Чудак–пастух, упрямо пасущий овец среди траншей, как Дон Кихот, бившийся с бездушными мельницами, пытается на свой лад пересилить всеобщее безумие. Полон драматизма рассказ о возвращении Тёнле из австрийского концлагеря, где он протомился целых два года. Старик не смог даже подойти к своей деревеньке, ибо она находилась как раз в зоне артиллерийского обстрела, и в трубу перископа ему разрешили взглянуть на кучи щебенки и вывороченной земли, в которые превратились его дом, церковная колокольня, огороды и старинное кладбище. Того, к чему за долгую жизнь прикипел сердцем старый пастух, больше не существовало. Но апофеоз войны на последних страницах повести уступает место теме просветленной и человечной. Дон Кихот не победил мельниц, но унес в могилу свою веру в справедливость и готовность биться за нее. Всей своей жизнью – мирной жизнью труженика – и самой смертью своей Тёнле нравственно судил разрушительную силу войны. Старый Тёнле не защитил, не сберег ни овец, ни луга, ни дом свой, но не смирился, не расстался с верой в свою правоту и силу.
Тема «Сержанта в снегах» и «Истории Тёнле» была животрепещущей для итальянской литературы в послевоенные годы, когда итальянцам, только что избавившимся от гнета фашизма, необходимо было осмыслить пережитое.
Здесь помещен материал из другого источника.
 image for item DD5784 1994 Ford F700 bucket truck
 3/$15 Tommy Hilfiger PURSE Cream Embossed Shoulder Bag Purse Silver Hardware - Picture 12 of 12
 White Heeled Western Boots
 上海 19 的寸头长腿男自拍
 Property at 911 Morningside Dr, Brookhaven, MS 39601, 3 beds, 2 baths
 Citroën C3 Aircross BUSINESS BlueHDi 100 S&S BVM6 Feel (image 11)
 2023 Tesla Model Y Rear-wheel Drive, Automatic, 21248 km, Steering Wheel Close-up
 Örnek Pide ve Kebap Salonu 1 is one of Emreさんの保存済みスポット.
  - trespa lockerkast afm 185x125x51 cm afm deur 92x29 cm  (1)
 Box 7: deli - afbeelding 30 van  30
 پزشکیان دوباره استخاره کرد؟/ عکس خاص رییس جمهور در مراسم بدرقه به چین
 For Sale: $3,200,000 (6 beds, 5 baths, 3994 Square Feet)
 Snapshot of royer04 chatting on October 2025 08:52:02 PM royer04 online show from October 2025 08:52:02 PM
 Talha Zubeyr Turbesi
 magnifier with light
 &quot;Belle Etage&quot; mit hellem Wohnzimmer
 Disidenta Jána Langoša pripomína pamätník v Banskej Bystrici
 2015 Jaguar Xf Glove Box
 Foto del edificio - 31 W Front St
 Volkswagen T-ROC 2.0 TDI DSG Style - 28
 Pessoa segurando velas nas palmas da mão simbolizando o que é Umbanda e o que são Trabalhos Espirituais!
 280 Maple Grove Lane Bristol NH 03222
Удовлетворяя интерес современного читателя к истории, она и сейчас дает писателям возможность через опыт прошлого понять сегодняшнее, определить свое отношение к нему, уловить «болевые моменты» нынешней итальянской жизни и перспективы будущего [2]2
Это убедительно показано З. М. Потаповой в ее книге «Итальянский роман сегодня» (М., 1977) на примере романов М. Вентури, А. Бевилакуа, М. Канконьи, Р. Биленки, Э. Моранте, написанных в 70‑е годы. В этом же ряду могут быть названы и авторы рассказов о Сопротивлении М. Тутино, У. Пирро и М. Бонфантини, автор романа «Пропавший в Венеции» (1972), и многие другие.
[Закрыть]. В условиях, когда в Италии поднимает голову неофашизм, а над всем миром нависла зловещая тень новой мировой бойни, воспоминания Марио Ригони Стерна о своем военном прошлом звучат как своевременное предупреждение. Предупреждение о том, какие бедствия и испытания несет война. И как напоминание – о том, какую цену заплатили люди, чтобы не разучиться различать друзей и врагов, радоваться миру, труду, природе – чтобы остаться людьми.